As alluded to in the previous paragraph, a probability value (p-value) indicates the probability that two distributions of data (e.g., highway fuel efficiency for midsize vehicles and highway fuel efficiency for pickups) could actually come from the same distribution. If that probability is at or below a particular threshold (referred to as the alpha or α value), we consider the two distributions to be significantly different. In social science research, we commonly set α to p = .05. As a reminder, p = .05 means that there is only a 5% chance that the two observed distributions could actually come from the same distribution. In less precise, but perhaps easier to grasp terms, p = .05 means that there is only a 5% chance that there are no differences across two groups with regard to a particular characteristic.
It is important to note that the larger our samples are, the more sure we can be about how well the distributions (and specifically, the mean score) in our samples reflect the overall population distribution. This means that the larger our studies are (with regard to participants and/or observations), the more likely we are to get a small p value. In other words, there is a strong link between sample size and p value.
Accordingly, we also need to use a way of measuring the differences of two groups that is independent of sample size. We refer to this type of measurement as an effect size.
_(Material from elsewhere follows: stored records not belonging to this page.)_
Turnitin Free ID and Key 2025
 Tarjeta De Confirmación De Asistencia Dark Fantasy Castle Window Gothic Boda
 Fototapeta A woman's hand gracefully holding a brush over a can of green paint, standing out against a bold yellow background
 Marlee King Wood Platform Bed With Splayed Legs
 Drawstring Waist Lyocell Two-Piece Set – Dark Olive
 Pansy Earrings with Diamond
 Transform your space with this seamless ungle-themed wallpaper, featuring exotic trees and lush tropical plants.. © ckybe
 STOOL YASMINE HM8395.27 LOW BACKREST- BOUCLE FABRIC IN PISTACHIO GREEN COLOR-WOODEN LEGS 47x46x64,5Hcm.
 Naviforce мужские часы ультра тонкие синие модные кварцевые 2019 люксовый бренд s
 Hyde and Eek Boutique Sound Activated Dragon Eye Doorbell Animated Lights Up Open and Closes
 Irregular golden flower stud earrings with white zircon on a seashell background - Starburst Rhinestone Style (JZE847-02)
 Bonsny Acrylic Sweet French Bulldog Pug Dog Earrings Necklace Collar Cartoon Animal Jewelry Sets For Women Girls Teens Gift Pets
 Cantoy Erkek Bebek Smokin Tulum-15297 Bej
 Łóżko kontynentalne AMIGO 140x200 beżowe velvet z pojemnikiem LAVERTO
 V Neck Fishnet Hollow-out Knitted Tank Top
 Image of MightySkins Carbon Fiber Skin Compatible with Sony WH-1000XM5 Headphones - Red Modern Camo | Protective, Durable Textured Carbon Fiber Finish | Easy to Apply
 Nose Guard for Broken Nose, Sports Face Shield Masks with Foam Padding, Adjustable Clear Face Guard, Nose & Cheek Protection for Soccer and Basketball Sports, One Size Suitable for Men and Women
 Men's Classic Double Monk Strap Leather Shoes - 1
An effect size is a sample size independent measure of the relationship between variables. If we are looking at differences between two independent samples using a T-test (as we will later in this tutorial), the effect size indicates the difference in mean scores between two groups. Effect sizes are almost always standardized scores, which means that they can be compared across studies.
While p values indicate how certain we can be about the observed differences between two groups, effect sizes tell us how big the differences actually are. If we are analyzing a small data set, it is entirely possibly for an observed difference between groups to fail to reach statistical significance while demonstrating a large effect. Conversely, if we are analyzing a large data set, it is possible to obtain a tiny p value (i.e., find that there is almost no chance that two distributions actually represent the same distribution) while also finding that the effect size (the size of the difference) is negligible.
In applied linguistics research, we sometimes want to know whether two independent groups (e.g., intact classes) differ with regard to some measure (motivation, vocabulary knowledge, writing skill, etc.). We also often want to know whether one teaching method works better than another method with regard to some outcome (e.g., vocabulary test score, writing quality score, etc.). In order to determine whether two groups differ in some regard (i.e., to address the first issue outlined above), we can use an independent samples t-test (for parametric data) or a Wilcoxon test (for non-parametric data). In order to determine whether one teaching method works better than another we will need a different set of statistical tests (stayed tuned!), but we could use an independent samples t-test to determine whether two groups were different with regard to some variable prior to testing a teaching method.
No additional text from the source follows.